Start of Given material
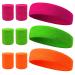 Lamek 9stk neon welding band Set 80s headband 3 colors 80s sports chop with bracelet retro party accessories for women men sport carnival carnival St. Patrick's day pink green orange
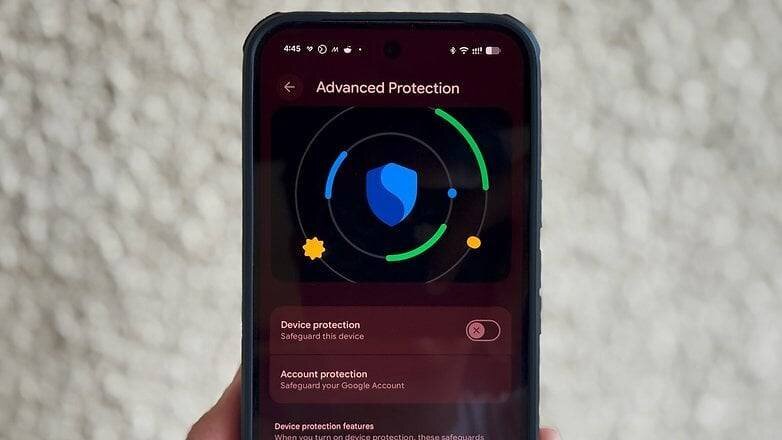 Paramètres Protection Avancée sur Android 16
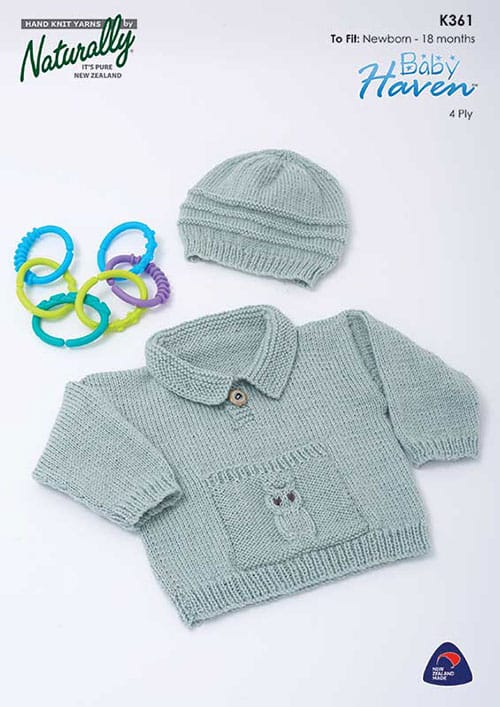 K361 Tab Front Sweater with Owl Pocket & Hat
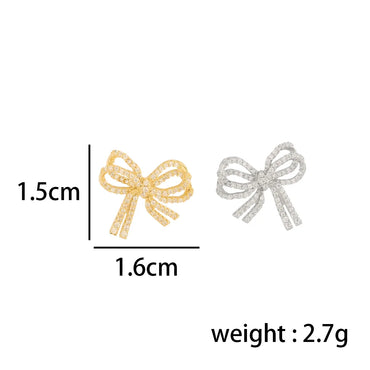 1 Pair Simple Style Classic Style Bow Knot Plating Inlay Sterling Silver Zircon 14K Gold Plated Ear Studs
End of Given material
__Exercise brief__. Repeat only what lies between the start of the data and the end of the line containing "K361 Tab Front Sweater with Owl Pocket & Hat", exactly, with pictures left out.

__Answer box__.
 Lamek 9stk neon welding band Set 80s headband 3 colors 80s sports chop with bracelet retro party accessories for women men sport carnival carnival St. Patrick's day pink green orange
 Paramètres Protection Avancée sur Android 16
 K361 Tab Front Sweater with Owl Pocket & Hat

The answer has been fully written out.